People want to save, but they have no guidance around the same. Perhaps, for them, this article can be handy.

India Today spoke to entrepreneurs and Chartered Accountants, who shared nine tips and tricks to up your finance game.

1. Review and adjust your budget

  • A budget is the cornerstone of any sound financial plan. It’s essential to review your income and expenses regularly, categorising them into necessities and discretionary spending.
  • If you find that your expenses are outstripping your income, it’s time to make some cuts. Look for underused subscriptions or services that you can eliminate, potentially saving hundreds over the course of the year. Remember, a balanced budget leaves room for savings and investments.

 2. Review your monthly bank and credit card statements

  • You should read your bank statements thoroughly or else how are you going to identify your unnecessary expenses?

  • Abhishek Soni, Co-Founder, CEO Tax2Win suggested, “Start by thoroughly reviewing your monthly bank and credit card statements. This will help you understand your spending patterns, identify unnecessary expenses, and track your financial habits.”

  • “Look for any recurring subscriptions or services you may no longer need. We should limit our credit card usage as it leads to impulsive and unworthy buying. Also, payment of more than Rs 10 lakh in a financial year attracts the attention of the Income Tax department,” he added.

3. Expand financial knowledge

  • Knowledge is power, especially when it comes to finances. Take the time to educate yourself on financial matters.

  • Understanding concepts like compound interest, debt management, and investment strategies can empower you to make informed decisions. There are numerous resources available, from books and online courses to financial newsletters and workshops.

4. Emergency fund

  • An emergency fund acts as a financial safety net for life’s unforeseen events. Aim to save enough to cover three to six months’ worth of living expenses.

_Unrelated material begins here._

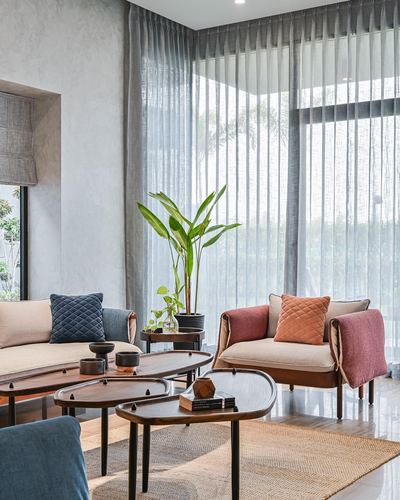 Living room with curved sofa, rust armchair, nested wood coffee tables and sheer curtains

  • If you’re starting from scratch, even setting aside a smaller amount like $1,000 can be a worthy initial goal. Place this fund in a high-interest savings account where the balance can grow, yet remains accessible for emergencies.

5. Credit health

  • Your credit score is a critical component of your financial profile. It affects your ability to borrow money and the interest rates you’ll pay.

  • Annually check your credit reports from the major credit bureaus for inaccuracies that could impact your score.

  • Dispute any errors and protect against identity theft by changing passwords regularly and using password managers to enhance security.

6. Stick to finance basics

  • This is probably the best tip and its application is super simple. Deepika Vasani, Chartered Accountant and Educator said, “In school, we are taught the formula that Income – Expenses = savings. However, if you alternate this formula and apply it to life, it is the best finance tip for 2024.”

  • “Keep your savings aside as soon as you get your salary/income. The rest can be used for your expenditure and you have a fixed amount of savings safeguarded at the beginning of each month. So here’s your formula for life, Income – Savings = Expenses,” she added.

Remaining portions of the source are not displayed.